The UK stock market continues to recover from the sell-off at the start of the month, although the pound is down after weak retail sales figures.
The FTSE 100 extended yesterday’s gains, adding 47 points or 0.7% to 7,282. At this level it will record its first positive week in a month with an advance of 190 points or 2.7%.
However, the pound fell 0.2% to $1.4064 against the dollar and edged lower against the euro after Britons curbed spending after the Christmas splurge with retail sales up just 0.1% in January, below forecasts of a monthly rise of 0.5%.
Our exclusive Accumulator data table shows the UK’s blue-chip index regained 1.2% in the week to yesterday’s close but remained 5.5% down this year.
Global markets mounted a stronger rally, with the FTSE World up up 3.7% in sterling terms in the week to Thursday, reducing the index’s year-to-date fall to 2.2%.
‘We believe it is too early to call the end of the bull market,’ said Larry Hatheway, group chief economist at fund manager GAM.

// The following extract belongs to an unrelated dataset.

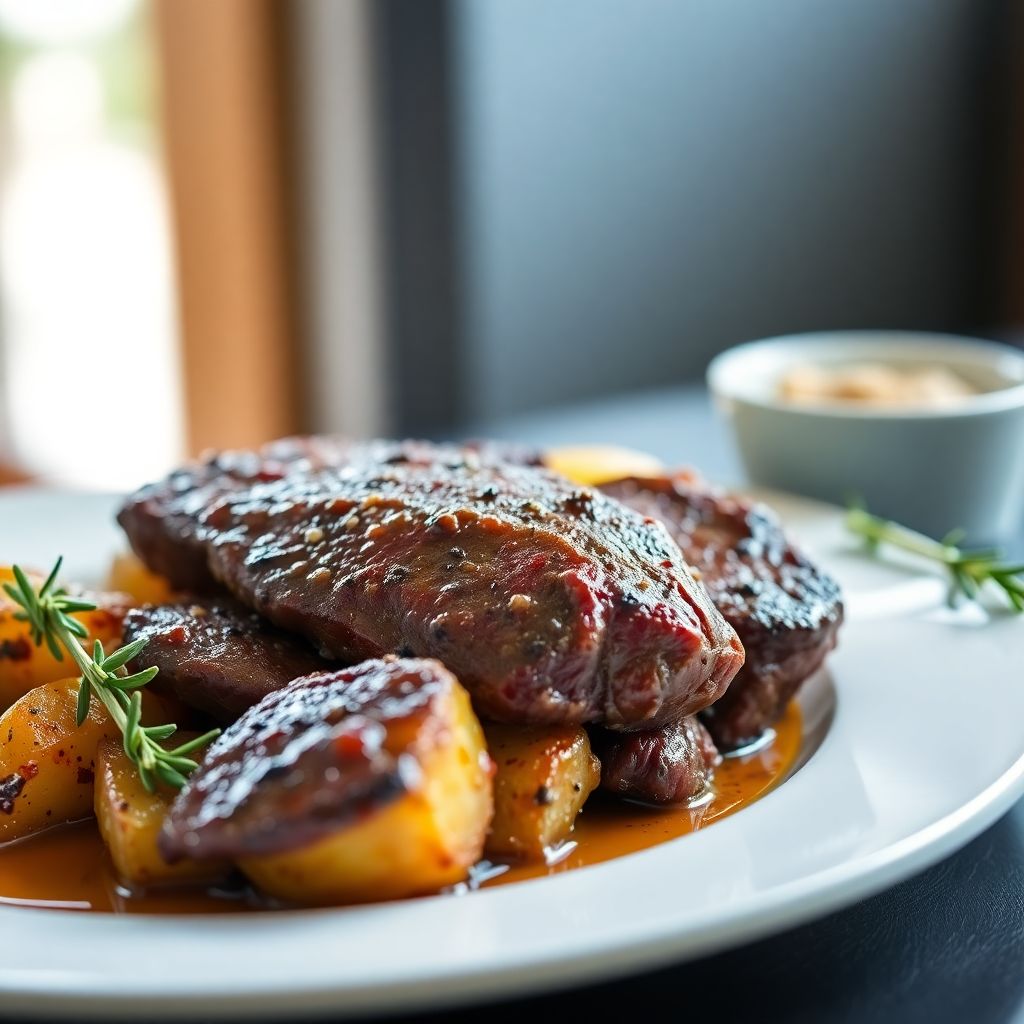 Rindersteak mit Rosmarinkartoffeln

‘We are still in an environment of strong global growth and rising earnings, particularly in Europe, the emerging economies and in Japan, which should support further equity gains. However, we are entering a new phase that will be characterised by more volatility and further corrections,’ he commented, driven, he said, by growing uncertainty in the macro economy and monetary policy caused by accelerating inflation.
Segro (SGRO), the industrial and warehouse property developer, shot to the top of the FTSE 100 with a 6.5% gain to 591p after its full-year results beat expectations and the company forecast further growth from the boom in e-commerce.